It’s far from perfect though. These are some of the more difficult aspects that I struggled with while setting this up:

  • Steps run in order and the whole things stops when one fails. Normally this is what you want in your build pipeline. The exception is some kind of “clean up step” or steps that should run at the end whether it succeeded or not. You can hack this by making the deploy step basically always succeed (with an || true in the shell script). But that means that we don’t get notifications when it fails. You can work around that by writing that status to a file, doing the “cleanup” steps, and then having another step to set the overall build status based on that afterwards. That’s getting really complicated though and it would be simpler if they just had first-class support for the equivalent of a finally clause.
  • Similarly, all the steps in the config run in order or they don’t. There is no way to conditionally run a step. This becomes annoying if you want to have different triggers to do slightly different things. Eg, building and testing on every commit but only deploying when it’s a push to a certain branch. Currently, you would have to have separate triggers and cloudbuild.yaml configs for each of those instances. That wouldn’t be too bad if there were also some notion of importing or including build steps. But currently, any overlap between the tasks would have to just be duplicated.

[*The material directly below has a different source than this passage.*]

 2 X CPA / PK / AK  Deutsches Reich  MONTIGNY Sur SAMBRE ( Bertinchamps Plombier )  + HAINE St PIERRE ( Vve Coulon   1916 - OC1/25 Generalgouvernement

There are at least a few issues for this in their issue tracker and it sounds like it’s coming “some day”.
  • you can put substituted variables into the arguments for a step, but nothing calculated dynamically. So args: [“${_ENVIRONMENT}-foo”] is good and you can end up with staging-foo or prod-foo, but there’s no way to map say staging to foo and prod to bar. On the Tahoe deploy, this is a small issue because our staging and prod database instances are not quite named consistently. The old deploy script had a little if/then to handle it, but for the Cloud Build, we had to add the semi-redundant instance name as a top level variable that is specified for each triggered build. I would also really like to be able to calculate a value in one step and use it as an argument in a later step.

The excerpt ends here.